One great thing about working in information security is that there is no normal. We routinely encounter strange and novel things, and that’s exactly what turned up after some roving on Pastebin over the last few weeks.
As a bit of context, it’s pretty routine for adversaries to host shells, executables, and other attack infrastructure on Pastebin. If you scrape the site for the right indicators or patterns, then you’re bound to find something. Of course, a lot of the attack tooling on Pastebin is pretty mundane, but sometimes—if you’re willing to examine a long and convoluted sequence of scripts—you can find a persistent Linux backdoor concealing itself with steganography.

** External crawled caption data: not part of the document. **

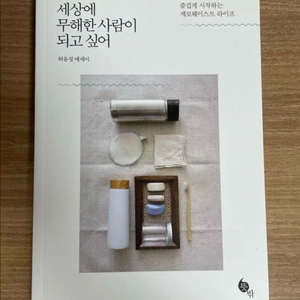세상에 무해한 사람이 되고 싶어 / 제로웨이스트 환경보호 라이프 도서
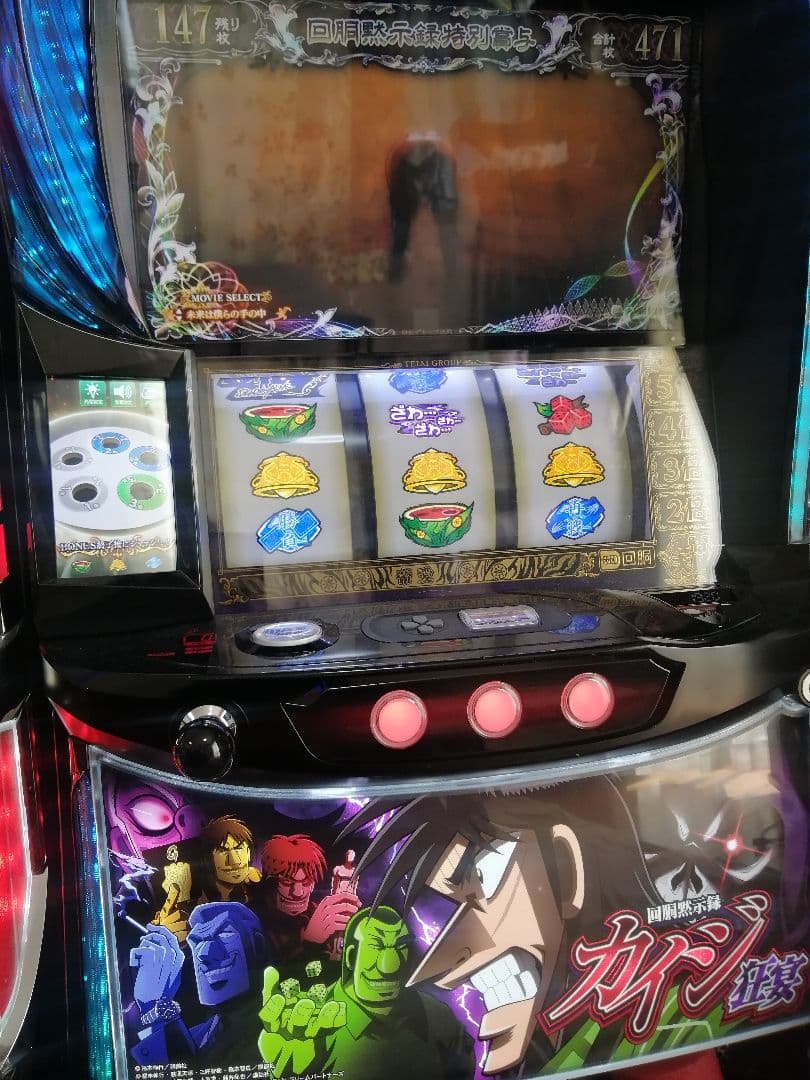 早いもの勝ち！スマスロカイジ狂宴 花火絶景不要機付き スマスロ吉宗ライジング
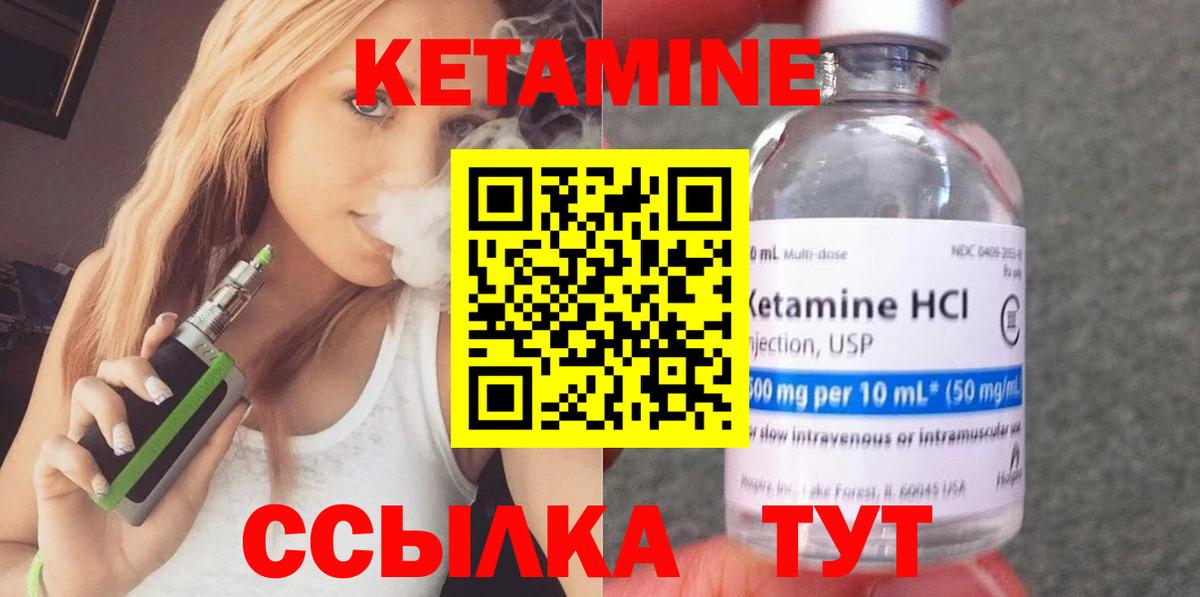 КЕТАМИН ketamine Свободный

Let’s start at the beginning
I ran some Pastebin searches for evidence of a classic shell trick—where adversaries use
wget to download and execute a later-stage payload—and they yielded seemingly negligible results:
However, since it would only take a minute to see if the download was available, it made sense to check. Of course, it was available, and what followed was ultimately fascinating.
Here’s what turned up
Take a look at line 12:
While not a completely new idea, it’s certainly unusual to see this use of the Unix
dd command. Normally,
dd is used to copy and convert data. Security professionals will often encounter it when making forensic disk copies and overwriting data. In this case, it looked like they were using
dd with the
skip option to extract an executable from an image, suggesting that this wasn’t your everyday bash shell malware.
Now we follow the breadcrumbs
Luckily, the website hosting the image hadn’t been taken down, and I was able to retrieve it (see below). Even better yet, the image was still concealing the executable, and a Google search for the image turned up no matches.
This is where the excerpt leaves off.